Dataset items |
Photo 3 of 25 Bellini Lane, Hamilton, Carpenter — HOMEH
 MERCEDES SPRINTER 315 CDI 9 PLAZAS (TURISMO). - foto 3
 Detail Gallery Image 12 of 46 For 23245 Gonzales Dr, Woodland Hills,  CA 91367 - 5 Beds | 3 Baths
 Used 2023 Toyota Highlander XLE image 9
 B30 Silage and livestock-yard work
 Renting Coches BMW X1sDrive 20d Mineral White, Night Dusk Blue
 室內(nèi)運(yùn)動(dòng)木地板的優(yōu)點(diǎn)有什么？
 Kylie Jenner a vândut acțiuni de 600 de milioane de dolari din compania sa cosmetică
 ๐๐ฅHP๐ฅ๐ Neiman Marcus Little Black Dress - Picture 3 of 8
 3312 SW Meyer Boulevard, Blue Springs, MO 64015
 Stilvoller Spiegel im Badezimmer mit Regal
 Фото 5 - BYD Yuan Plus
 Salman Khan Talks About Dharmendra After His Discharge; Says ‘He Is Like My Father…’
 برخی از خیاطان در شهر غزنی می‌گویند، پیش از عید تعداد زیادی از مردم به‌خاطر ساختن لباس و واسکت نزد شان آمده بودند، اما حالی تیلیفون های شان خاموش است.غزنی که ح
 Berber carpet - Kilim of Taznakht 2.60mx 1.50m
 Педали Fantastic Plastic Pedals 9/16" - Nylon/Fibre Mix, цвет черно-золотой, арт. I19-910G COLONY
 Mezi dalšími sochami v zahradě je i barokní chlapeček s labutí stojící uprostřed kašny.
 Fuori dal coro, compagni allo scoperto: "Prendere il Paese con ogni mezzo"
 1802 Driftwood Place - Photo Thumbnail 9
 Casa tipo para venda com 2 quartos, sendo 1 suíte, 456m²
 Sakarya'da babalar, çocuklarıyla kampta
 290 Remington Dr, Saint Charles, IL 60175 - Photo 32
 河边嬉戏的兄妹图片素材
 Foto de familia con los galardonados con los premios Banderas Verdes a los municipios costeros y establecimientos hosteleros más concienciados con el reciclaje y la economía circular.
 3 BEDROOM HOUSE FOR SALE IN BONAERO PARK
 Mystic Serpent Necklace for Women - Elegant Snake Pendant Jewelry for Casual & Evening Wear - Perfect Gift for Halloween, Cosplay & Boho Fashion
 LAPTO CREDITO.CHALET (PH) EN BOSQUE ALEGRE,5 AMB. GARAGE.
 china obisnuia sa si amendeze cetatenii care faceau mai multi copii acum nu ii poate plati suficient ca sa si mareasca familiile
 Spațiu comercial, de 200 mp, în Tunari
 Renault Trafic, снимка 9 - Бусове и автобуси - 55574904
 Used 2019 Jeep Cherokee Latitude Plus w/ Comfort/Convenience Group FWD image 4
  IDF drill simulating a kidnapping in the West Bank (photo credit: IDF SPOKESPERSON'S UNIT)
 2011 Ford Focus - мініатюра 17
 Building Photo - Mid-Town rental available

Task to carry out |
Could you return the data above exactly as it stands?

Output below |
Photo 3 of 25 Bellini Lane, Hamilton, Carpenter — HOMEH
 MERCEDES SPRINTER 315 CDI 9 PLAZAS (TURISMO). - foto 3
 Detail Gallery Image 12 of 46 For 23245 Gonzales Dr, Woodland Hills,  CA 91367 - 5 Beds | 3 Baths
 Used 2023 Toyota Highlander XLE image 9
 B30 Silage and livestock-yard work
 Renting Coches BMW X1sDrive 20d Mineral White, Night Dusk Blue
 室內(nèi)運(yùn)動(dòng)木地板的優(yōu)點(diǎn)有什么？
 Kylie Jenner a vândut acțiuni de 600 de milioane de dolari din compania sa cosmetică
 ๐๐ฅHP๐ฅ๐ Neiman Marcus Little Black Dress - Picture 3 of 8
 3312 SW Meyer Boulevard, Blue Springs, MO 64015
 Stilvoller Spiegel im Badezimmer mit Regal
 Фото 5 - BYD Yuan Plus
 Salman Khan Talks About Dharmendra After His Discharge; Says ‘He Is Like My Father…’
 برخی از خیاطان در شهر غزنی می‌گویند، پیش از عید تعداد زیادی از مردم به‌خاطر ساختن لباس و واسکت نزد شان آمده بودند، اما حالی تیلیفون های شان خاموش است.غزنی که ح
 Berber carpet - Kilim of Taznakht 2.60mx 1.50m
 Педали Fantastic Plastic Pedals 9/16" - Nylon/Fibre Mix, цвет черно-золотой, арт. I19-910G COLONY
 Mezi dalšími sochami v zahradě je i barokní chlapeček s labutí stojící uprostřed kašny.
 Fuori dal coro, compagni allo scoperto: "Prendere il Paese con ogni mezzo"
 1802 Driftwood Place - Photo Thumbnail 9
 Casa tipo para venda com 2 quartos, sendo 1 suíte, 456m²
 Sakarya'da babalar, çocuklarıyla kampta
 290 Remington Dr, Saint Charles, IL 60175 - Photo 32
 河边嬉戏的兄妹图片素材
 Foto de familia con los galardonados con los premios Banderas Verdes a los municipios costeros y establecimientos hosteleros más concienciados con el reciclaje y la economía circular.
 3 BEDROOM HOUSE FOR SALE IN BONAERO PARK
 Mystic Serpent Necklace for Women - Elegant Snake Pendant Jewelry for Casual & Evening Wear - Perfect Gift for Halloween, Cosplay & Boho Fashion
 LAPTO CREDITO.CHALET (PH) EN BOSQUE ALEGRE,5 AMB. GARAGE.
 china obisnuia sa si amendeze cetatenii care faceau mai multi copii acum nu ii poate plati suficient ca sa si mareasca familiile
 Spațiu comercial, de 200 mp, în Tunari
 Renault Trafic, снимка 9 - Бусове и автобуси - 55574904
 Used 2019 Jeep Cherokee Latitude Plus w/ Comfort/Convenience Group FWD image 4
  IDF drill simulating a kidnapping in the West Bank (photo credit: IDF SPOKESPERSON'S UNIT)
 2011 Ford Focus - мініатюра 17
 Building Photo - Mid-Town rental available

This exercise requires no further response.